A gay Beiruti man comes to terms with his mother issues.
Alameddine is gifted at finding the humor in what for most writers would be singularly traumatic themes, including AIDS (Koolaids: The Art of War, 1998), the Lebanese Civil War (An Unnecessary Woman, 2014), and the plight of Middle Eastern migrants (The Wrong End of the Telescope, 2021). Here, he applies his sardonic wit again to the Civil War as well as the calamities of Covid-19, Lebanon’s banking collapse, and the 2020 Beirut port explosion. But before all that, the title characters are bickering. Raja, a respected philosophy teacher with one acclaimed book to his credit, has been living with his elderly mother in a small apartment made even smaller by the presence of more extended relatives.

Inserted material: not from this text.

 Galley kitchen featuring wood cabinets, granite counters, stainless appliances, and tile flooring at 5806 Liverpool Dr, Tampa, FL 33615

Exasperated with being reduced to his mother’s “homosexual nonbreeding son,” as well as her dangerous involvement in antigovernment protests, he seeks a respite, and one finds him: an all-expenses-paid residency at an institution in the United States. This may be too good to be true (note the title). But before exploring that, Raja relates the story of his two-month captivity at the hands of an acquaintance during the 1975 Civil War. That period includes all the degradations of a kidnapping, but Raja also depicts it as a case of Stockholm Syndrome, with his captor becoming a sexual and emotional confessor. Did the experience inspire his interest in cross-dressing and philosophy? It’s an open question, but it seems to have given him the kind of sass and self-deprecating humor that complicates his character and enlivens the story. Raja’s fatalism is well honed by his period of torment, but also by the everyday annoyances of his family. On both levels, it’s a peculiar but lively and humane book.
A sharp exploration of resilience in dark times.